Имеется ответ и на вопрос, для чего это нужно правозащитникам. Раз в год при большом скоплении телекамер и гораздо реже в приватной обстановке самые доверенные из них, тот же Федотов, получают возможность донести до Владимира Владимировича свои тревоги и печали. Выглядит это ужасно, как всякая трагикомическая бессмысленная постановка с нелепым концом. Но где-то там, за кулисами, им иногда, вероятно, удается склонить гаранта или его приближенных к мысли, что вот этого узника не следует больше терзать, а тех девочек лучше бы отпустить, - и это вносит определенный смысл в их деятельность.

На одних весах - унижения и пустопорожние прения, на других - человеческие жизни и гласность старательно протоколируемых дебатов. В центре зала - палач, вокруг него - просители, желающие быть услышанными. Двести челобитных отправляются в урну, но одна внимательно прочитывается, на бумаге ставится подпись и ни за что приговоренный выходит на свободу. И это по сути безнадежная пьеса, поскольку сам факт иногда резкого, чаще спокойного, порой подобострастного разговора с Путиным узаконивает все беззакония, которые он творит. Но они не теряют надежду, и надо видеть, с каким достоинством Федотов доносит президенту о трудностях общения с высокомерными американскими коллегами и как важно кивает, внимая "правозащитнику" Броду, когда тот докладывает о "нарушениях прав россиян" за границей. В эту игру ведь тоже необходимо играть, если хочешь казаться объективным в глазах лидера нации.

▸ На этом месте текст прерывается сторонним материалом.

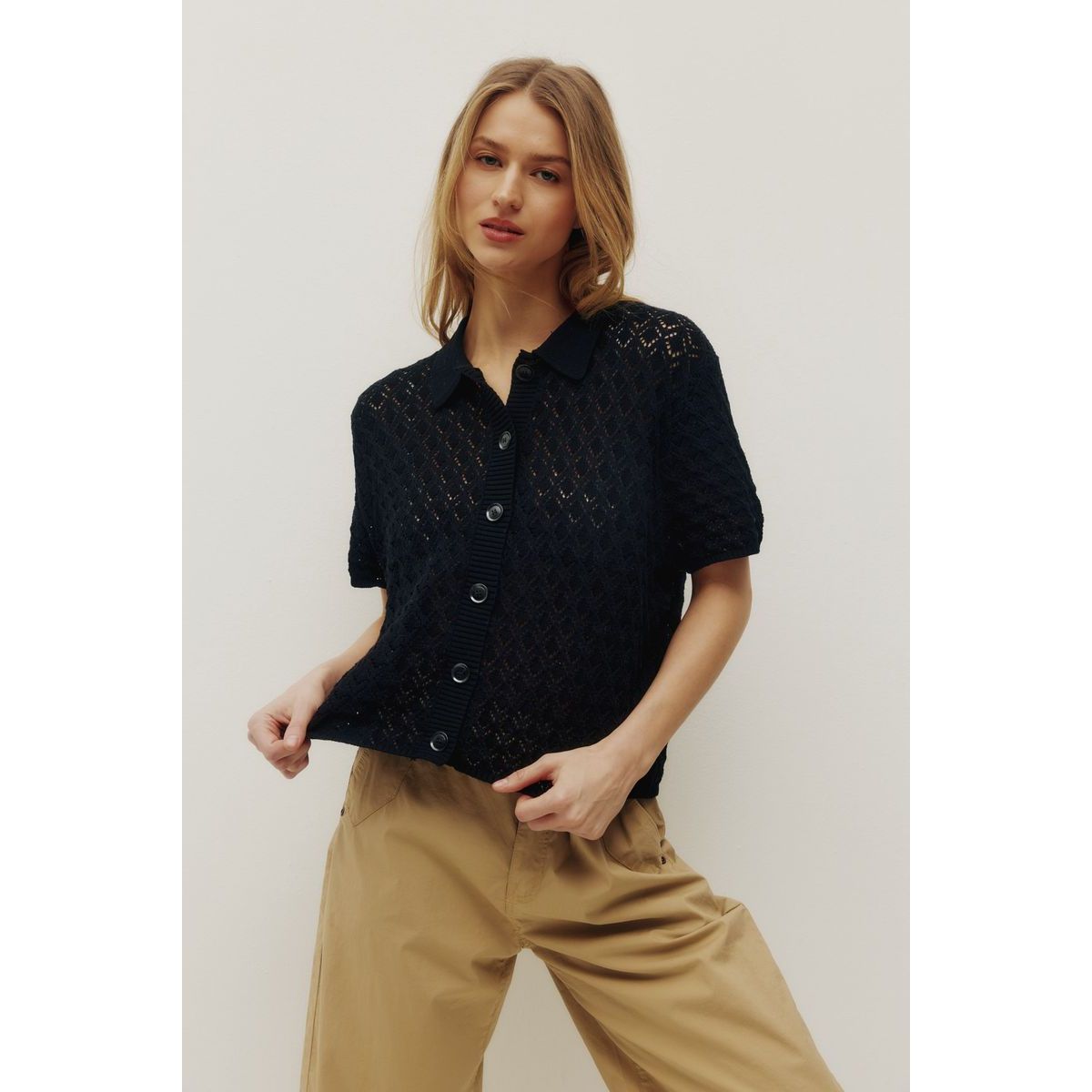 Kuwalla Monica Beach Knit Button Up black lace-knit short-sleeve top worn by a model in beige pants.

Когда-нибудь спектакль кончится и СПЧ соберется уже без него, без Путина, к которому обращены и похвалы, и мольбы, и протесты. В другом составе, в другие времена, в другой стране, лет через десять, вряд ли раньше, скорее позже. Дожившие, хочется верить, проклянут того, перед кем стелились, кого упрашивали, с кем спорили, демонстрируя бесстрашие. Но ему уже будет все равно, а нам, кто доживет, всегда будет и больно, и стыдно вспоминать, как царь издевался над своими дозволенными диссидентами.

Однако точно соразмерить пользу и вред, которые они приносили стране своими беседами с первым лицом, мы не сможем и тогда. Одного отпустил, еще двести посадил - какая цифра перетянет? Такая уж это пьеса - выматывающая зрителя однообразием несуразных монологов, беспросветная, гнусная, обнадеживающая, загадочная.